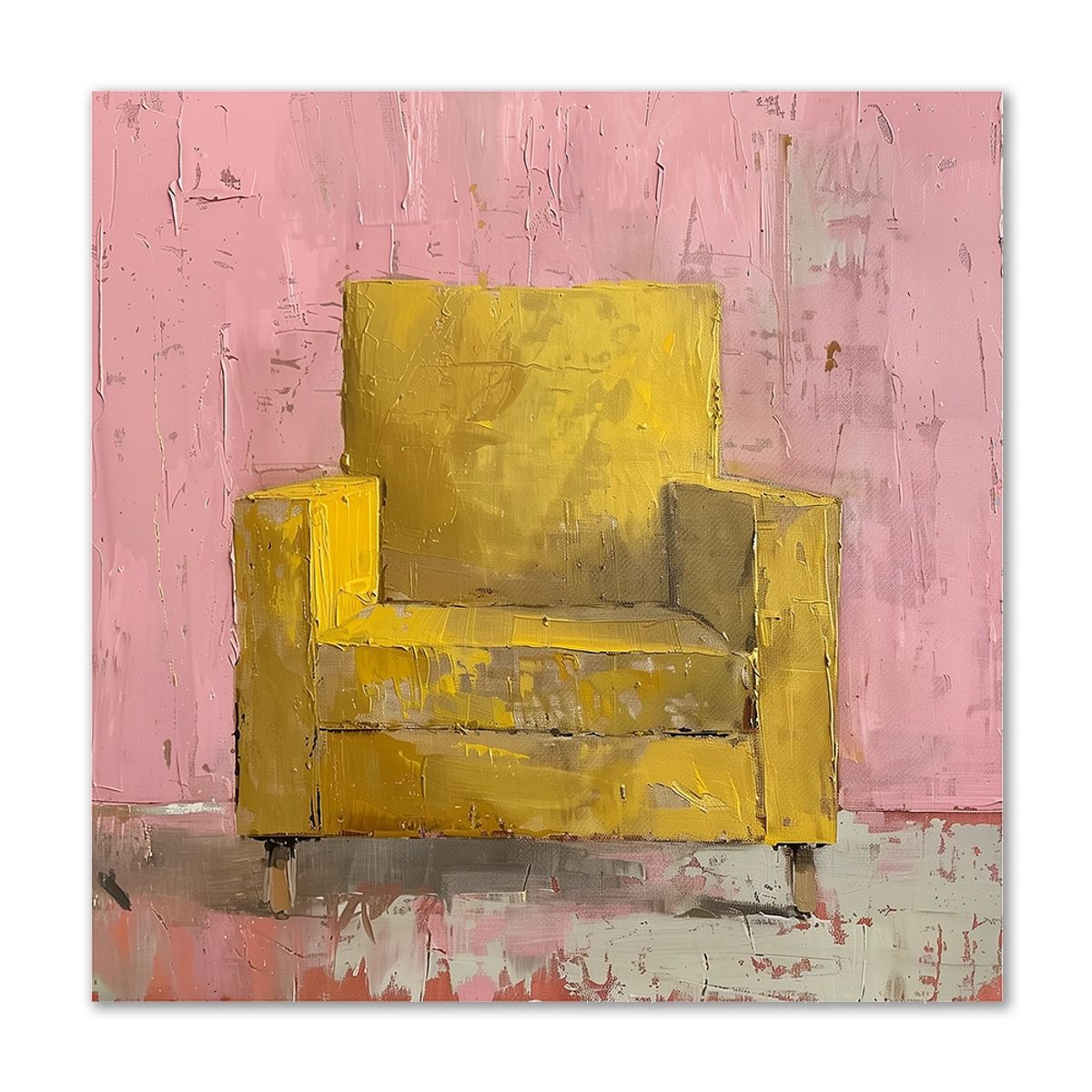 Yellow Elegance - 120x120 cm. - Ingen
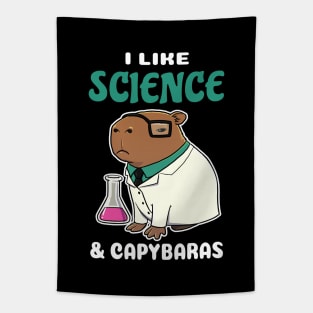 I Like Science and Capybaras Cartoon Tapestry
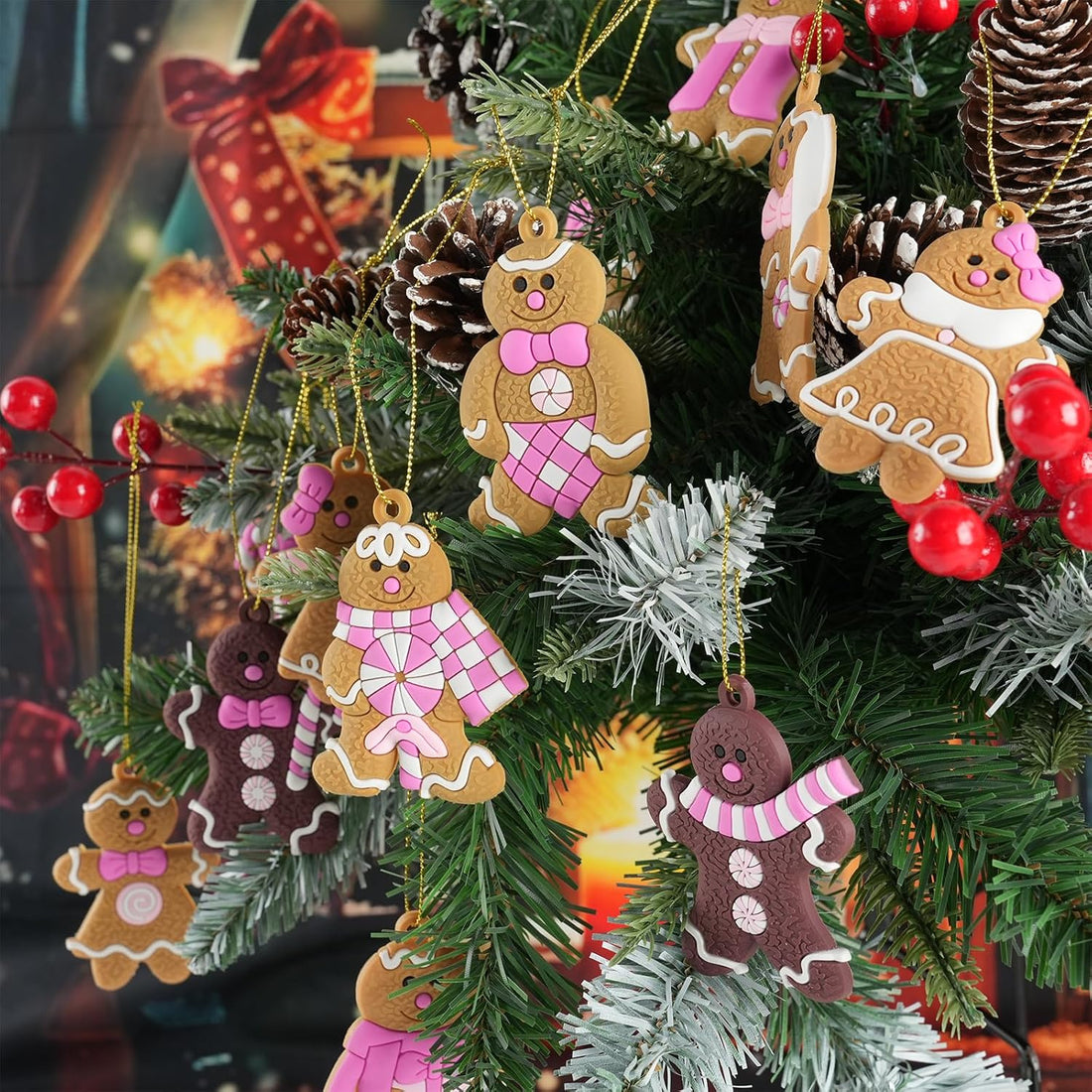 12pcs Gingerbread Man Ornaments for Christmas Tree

########################################

Description of the task:
A verbatim copy of the material is needed; pictures are not to appear in it.

Solution to the exercise:
 Yellow Elegance - 120x120 cm. - Ingen
 I Like Science and Capybaras Cartoon Tapestry
 12pcs Gingerbread Man Ornaments for Christmas Tree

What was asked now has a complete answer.